_DIRECTIONS:_
Print the data that follows word for word, leaving out any picture.

.....

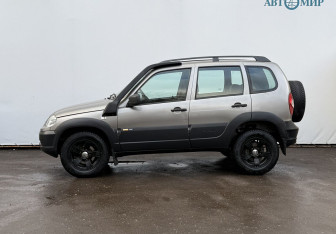 Подержанный автомобиль Chevrolet Niva 2018 года (8 фото)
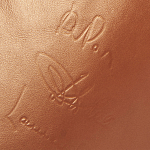 Дизайнерское кожаное кресло в форме руки Poltronova Joe Gold  Armchair варинант исполнения - 12 | Loft Concept в Екатеринбурге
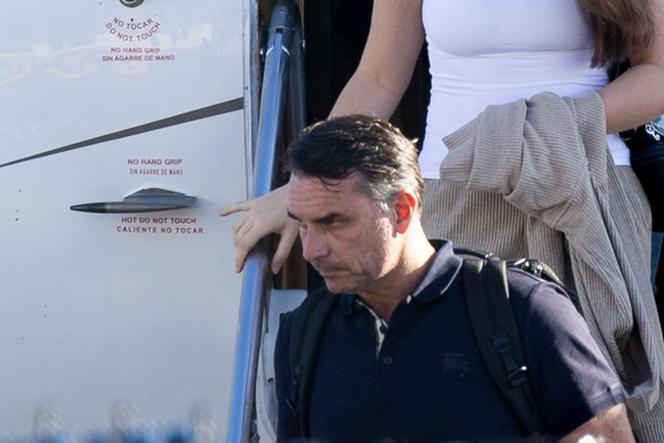 Flavio Bolsonaro en Floride : crise électorale et accusations de fraude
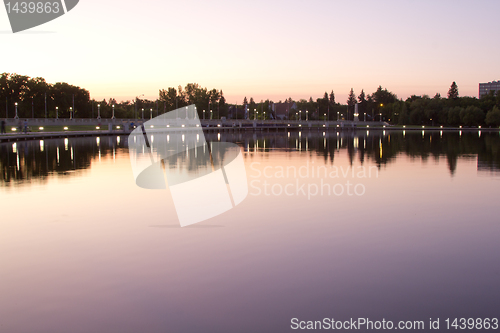 Image of Wascana lake at night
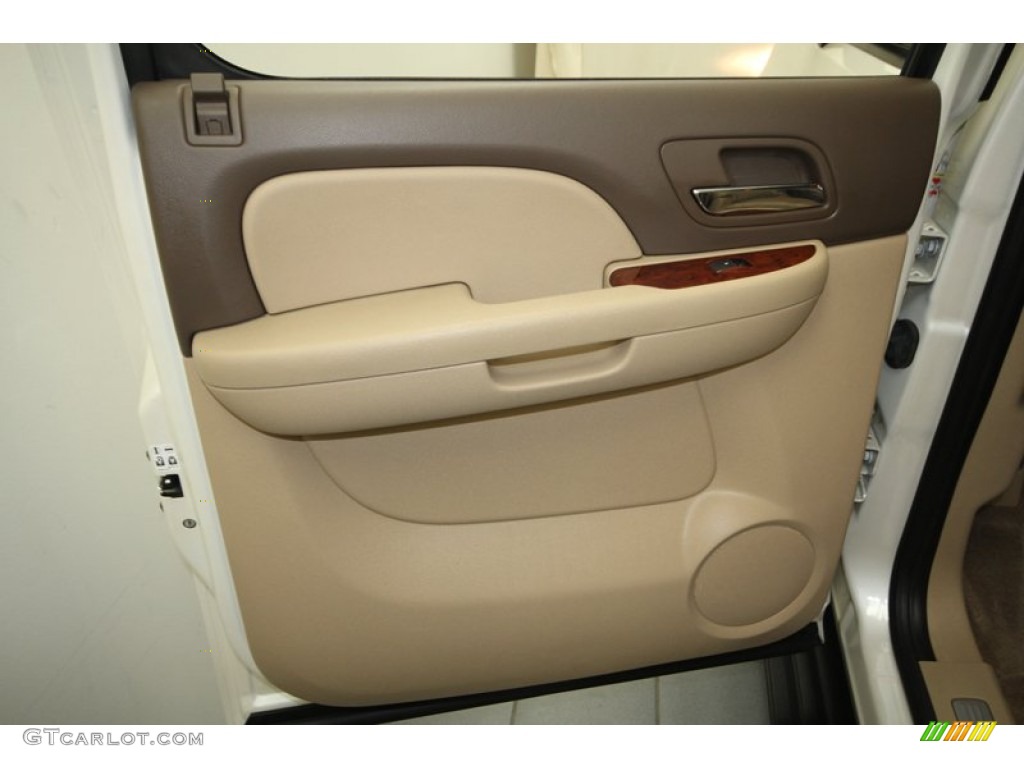 2011 Suburban LTZ - Summit White / Light Cashmere/Dark Cashmere photo #37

.....

_TASK ANSWER:_
 Подержанный автомобиль Chevrolet Niva 2018 года (8 фото)
 Дизайнерское кожаное кресло в форме руки Poltronova Joe Gold  Armchair варинант исполнения - 12 | Loft Concept в Екатеринбурге
 Flavio Bolsonaro en Floride : crise électorale et accusations de fraude
 Image of Wascana lake at night
 2011 Suburban LTZ - Summit White / Light Cashmere/Dark Cashmere photo #37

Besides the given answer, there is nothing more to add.